Currently the platform is not open-source, but we plan to release it open-source in the future.
- Upload the documents in a Prem Repository
- Test the Assistant from the Lab
- Launch the Best Model and configurations
- Integrate Prem in your Product with our official SDKs
We prepared a script in order to interact with the assistant we created through Prem Platform.
cd ./rag_demo
python chat_saas.py
- Create a Paperspace instance, install Kubernetes (K3s) and various utilities
You can install the utilities (k3sup, kubectl, helm, etc.) on your local machine if you prefer.

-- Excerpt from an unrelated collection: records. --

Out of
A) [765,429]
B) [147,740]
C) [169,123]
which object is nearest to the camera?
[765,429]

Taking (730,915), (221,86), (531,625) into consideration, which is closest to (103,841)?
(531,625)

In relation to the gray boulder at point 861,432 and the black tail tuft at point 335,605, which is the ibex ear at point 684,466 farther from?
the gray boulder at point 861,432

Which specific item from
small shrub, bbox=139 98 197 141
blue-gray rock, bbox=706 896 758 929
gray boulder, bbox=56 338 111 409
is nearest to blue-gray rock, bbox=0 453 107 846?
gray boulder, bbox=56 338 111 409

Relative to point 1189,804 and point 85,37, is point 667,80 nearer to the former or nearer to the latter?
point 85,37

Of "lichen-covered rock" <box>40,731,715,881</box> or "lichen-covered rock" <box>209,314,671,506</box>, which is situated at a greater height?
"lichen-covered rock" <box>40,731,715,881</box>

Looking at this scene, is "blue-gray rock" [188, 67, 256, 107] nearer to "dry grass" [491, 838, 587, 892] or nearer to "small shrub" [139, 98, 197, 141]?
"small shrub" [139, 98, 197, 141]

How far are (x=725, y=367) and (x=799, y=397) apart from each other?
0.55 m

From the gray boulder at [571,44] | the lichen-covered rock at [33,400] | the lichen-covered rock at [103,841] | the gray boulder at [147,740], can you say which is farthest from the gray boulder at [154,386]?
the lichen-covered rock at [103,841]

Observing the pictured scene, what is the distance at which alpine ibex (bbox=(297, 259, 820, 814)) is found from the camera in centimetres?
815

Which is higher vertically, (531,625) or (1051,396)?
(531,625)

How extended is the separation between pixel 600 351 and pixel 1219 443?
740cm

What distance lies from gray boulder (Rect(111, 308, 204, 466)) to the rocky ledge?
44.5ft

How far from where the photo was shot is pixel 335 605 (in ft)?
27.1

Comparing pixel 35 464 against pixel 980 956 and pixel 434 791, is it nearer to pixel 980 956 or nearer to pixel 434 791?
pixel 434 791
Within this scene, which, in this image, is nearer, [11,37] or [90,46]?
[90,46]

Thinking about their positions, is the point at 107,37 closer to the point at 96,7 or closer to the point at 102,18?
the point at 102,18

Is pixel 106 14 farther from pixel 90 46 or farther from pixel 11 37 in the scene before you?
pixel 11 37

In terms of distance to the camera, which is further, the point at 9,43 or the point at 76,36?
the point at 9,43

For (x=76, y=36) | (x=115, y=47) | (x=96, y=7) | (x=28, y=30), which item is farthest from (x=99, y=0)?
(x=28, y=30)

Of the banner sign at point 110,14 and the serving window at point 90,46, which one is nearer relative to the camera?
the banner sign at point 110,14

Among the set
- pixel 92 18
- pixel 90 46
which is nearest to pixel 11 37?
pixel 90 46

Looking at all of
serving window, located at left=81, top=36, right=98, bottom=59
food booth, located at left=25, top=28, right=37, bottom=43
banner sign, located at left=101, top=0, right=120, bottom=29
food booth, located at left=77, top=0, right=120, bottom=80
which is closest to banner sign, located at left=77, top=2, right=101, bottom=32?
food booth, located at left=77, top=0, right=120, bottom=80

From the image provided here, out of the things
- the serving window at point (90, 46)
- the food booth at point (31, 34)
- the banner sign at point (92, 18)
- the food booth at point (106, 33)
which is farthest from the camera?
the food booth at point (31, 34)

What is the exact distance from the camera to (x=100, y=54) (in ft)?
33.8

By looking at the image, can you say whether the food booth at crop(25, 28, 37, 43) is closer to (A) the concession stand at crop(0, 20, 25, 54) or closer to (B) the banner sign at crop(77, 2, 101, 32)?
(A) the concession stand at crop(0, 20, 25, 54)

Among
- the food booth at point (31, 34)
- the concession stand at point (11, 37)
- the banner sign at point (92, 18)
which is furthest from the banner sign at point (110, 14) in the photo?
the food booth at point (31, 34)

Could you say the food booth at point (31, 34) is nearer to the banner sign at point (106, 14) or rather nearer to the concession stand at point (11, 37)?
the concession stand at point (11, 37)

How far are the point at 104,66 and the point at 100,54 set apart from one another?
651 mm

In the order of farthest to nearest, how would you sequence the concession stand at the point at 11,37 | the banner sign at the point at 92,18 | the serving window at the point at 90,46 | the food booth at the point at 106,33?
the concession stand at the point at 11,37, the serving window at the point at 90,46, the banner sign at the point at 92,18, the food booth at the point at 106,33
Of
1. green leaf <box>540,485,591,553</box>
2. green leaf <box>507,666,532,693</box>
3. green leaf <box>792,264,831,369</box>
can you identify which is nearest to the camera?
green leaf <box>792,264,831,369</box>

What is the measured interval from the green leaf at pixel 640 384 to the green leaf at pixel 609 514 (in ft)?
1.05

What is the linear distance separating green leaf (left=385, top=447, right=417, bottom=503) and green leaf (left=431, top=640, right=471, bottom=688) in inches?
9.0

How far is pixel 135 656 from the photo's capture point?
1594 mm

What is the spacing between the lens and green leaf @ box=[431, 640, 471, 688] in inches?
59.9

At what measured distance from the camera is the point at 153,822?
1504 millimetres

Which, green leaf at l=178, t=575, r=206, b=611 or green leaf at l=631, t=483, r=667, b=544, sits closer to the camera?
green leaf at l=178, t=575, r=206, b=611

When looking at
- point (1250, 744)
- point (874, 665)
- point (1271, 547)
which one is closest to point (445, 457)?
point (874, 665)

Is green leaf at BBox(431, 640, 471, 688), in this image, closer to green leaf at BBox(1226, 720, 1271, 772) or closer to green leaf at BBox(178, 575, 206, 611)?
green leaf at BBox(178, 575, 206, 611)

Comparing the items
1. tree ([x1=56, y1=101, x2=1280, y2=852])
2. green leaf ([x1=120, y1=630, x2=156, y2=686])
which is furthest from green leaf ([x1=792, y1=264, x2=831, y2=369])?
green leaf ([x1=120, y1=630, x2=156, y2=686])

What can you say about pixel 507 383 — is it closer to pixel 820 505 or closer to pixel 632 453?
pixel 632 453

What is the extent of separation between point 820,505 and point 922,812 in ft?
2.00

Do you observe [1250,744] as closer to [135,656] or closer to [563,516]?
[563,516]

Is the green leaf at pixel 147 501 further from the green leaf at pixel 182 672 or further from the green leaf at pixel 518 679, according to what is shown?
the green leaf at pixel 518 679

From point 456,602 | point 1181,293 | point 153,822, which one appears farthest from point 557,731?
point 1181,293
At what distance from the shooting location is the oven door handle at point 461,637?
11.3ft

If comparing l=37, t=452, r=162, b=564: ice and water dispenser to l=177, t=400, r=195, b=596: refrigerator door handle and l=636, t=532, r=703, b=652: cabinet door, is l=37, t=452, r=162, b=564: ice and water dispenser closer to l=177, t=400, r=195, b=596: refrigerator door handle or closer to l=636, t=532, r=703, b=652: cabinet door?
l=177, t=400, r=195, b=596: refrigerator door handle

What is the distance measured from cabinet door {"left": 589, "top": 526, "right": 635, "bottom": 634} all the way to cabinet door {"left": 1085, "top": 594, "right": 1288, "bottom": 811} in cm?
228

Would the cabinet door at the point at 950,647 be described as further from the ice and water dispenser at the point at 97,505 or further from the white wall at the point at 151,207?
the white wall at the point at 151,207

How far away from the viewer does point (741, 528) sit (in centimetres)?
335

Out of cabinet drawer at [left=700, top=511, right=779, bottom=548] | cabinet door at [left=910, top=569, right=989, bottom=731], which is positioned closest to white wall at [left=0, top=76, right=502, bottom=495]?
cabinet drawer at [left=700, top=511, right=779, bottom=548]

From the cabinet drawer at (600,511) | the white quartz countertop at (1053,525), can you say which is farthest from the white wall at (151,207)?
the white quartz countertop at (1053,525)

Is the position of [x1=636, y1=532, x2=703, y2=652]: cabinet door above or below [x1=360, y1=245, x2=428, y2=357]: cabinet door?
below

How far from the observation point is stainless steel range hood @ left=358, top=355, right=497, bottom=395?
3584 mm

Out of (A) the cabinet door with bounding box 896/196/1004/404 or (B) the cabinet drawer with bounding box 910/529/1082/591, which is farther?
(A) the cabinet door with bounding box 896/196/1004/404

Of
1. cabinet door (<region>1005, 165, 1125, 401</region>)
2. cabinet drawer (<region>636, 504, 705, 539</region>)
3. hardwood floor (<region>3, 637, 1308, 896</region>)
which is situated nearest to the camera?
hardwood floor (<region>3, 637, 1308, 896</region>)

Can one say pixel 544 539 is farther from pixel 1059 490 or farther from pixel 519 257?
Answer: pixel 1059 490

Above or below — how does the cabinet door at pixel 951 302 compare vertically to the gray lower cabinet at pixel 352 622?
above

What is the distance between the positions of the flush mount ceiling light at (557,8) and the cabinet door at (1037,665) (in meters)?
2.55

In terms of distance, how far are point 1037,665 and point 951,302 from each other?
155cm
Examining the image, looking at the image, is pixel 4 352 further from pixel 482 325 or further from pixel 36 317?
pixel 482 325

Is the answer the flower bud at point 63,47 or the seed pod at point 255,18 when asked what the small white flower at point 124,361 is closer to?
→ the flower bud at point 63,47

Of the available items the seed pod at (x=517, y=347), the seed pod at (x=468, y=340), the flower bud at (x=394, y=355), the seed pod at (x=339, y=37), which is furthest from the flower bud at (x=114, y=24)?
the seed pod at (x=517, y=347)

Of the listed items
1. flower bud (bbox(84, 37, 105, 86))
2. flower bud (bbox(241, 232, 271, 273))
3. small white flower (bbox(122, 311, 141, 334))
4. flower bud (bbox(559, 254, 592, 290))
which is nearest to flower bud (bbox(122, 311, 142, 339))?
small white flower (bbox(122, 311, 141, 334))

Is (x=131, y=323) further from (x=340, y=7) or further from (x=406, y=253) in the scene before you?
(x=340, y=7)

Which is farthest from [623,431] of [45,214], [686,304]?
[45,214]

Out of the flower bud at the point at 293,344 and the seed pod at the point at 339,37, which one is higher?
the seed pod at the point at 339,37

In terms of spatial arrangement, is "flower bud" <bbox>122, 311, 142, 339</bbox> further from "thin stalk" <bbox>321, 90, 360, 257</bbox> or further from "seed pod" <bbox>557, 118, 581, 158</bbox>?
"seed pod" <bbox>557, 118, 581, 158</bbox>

Below we show installing everything on the remote machine while logged in via SSH
# Install k3sup
curl -sLS https://get.k3sup.dev | sh
sudo install k3sup /usr/local/bin
# Install k3s
# NOTE: Replace --local with the --ip/--host to install k3s remotely
k3sup install --local --local-path $HOME/.kube/config
# Install kubectl
sudo apt update
sudo snap install kubectl --classic
kubectl version --client
# Check the cluster is configured
kubectl get nodes
# NOTE: if this doesn't return a node, you can also try the following
sudo k3s kubectl get nodes
# Install Helm
curl -fsSL -o get_helm.sh https://raw.githubusercontent.com/helm/helm/main/scripts/get-helm-3
chmod +x get_helm.sh
./get_helm.sh
helm version
# Optionally install k9s as a TUI alternative to kubectl
curl -OL https://github.com/derailed/k9s/releases/download/v0.32.4/k9s_linux_amd64.deb
sudo apt install ./k9s_linux_amd64.deb
# Remove any pre-installed NVIDIA drivers and container runtime
sudo apt purge cuda-*
sudo apt purge nvidia-*
sudo apt autoremove
sudo apt autoclean
# Downgrade the Linux kernel because of https://forums.developer.nvidia.com/t/nvidia-modeset-unknown-symbol-on-module-load-error/239848
sudo apt install linux-image-5.15.0-107-generic
sudo apt remove linux-image-generic-hwe-22.04
sudo apt remove linux-image-6.2.0-37-generic
# Reboot to load the new kernel
sudo systemctl reboot
# Install the NVIDIA operator
helm repo add nvidia https://helm.ngc.nvidia.com/nvidia
helm repo update
helm install --wait --generate-name -n gpu-operator --create-namespace --set driver.version=550-5.15.0-107 --set driver.usePrecompiled=true nvidia/gpu-operator
# wait for the driver to be installed, this is where k9s is useful...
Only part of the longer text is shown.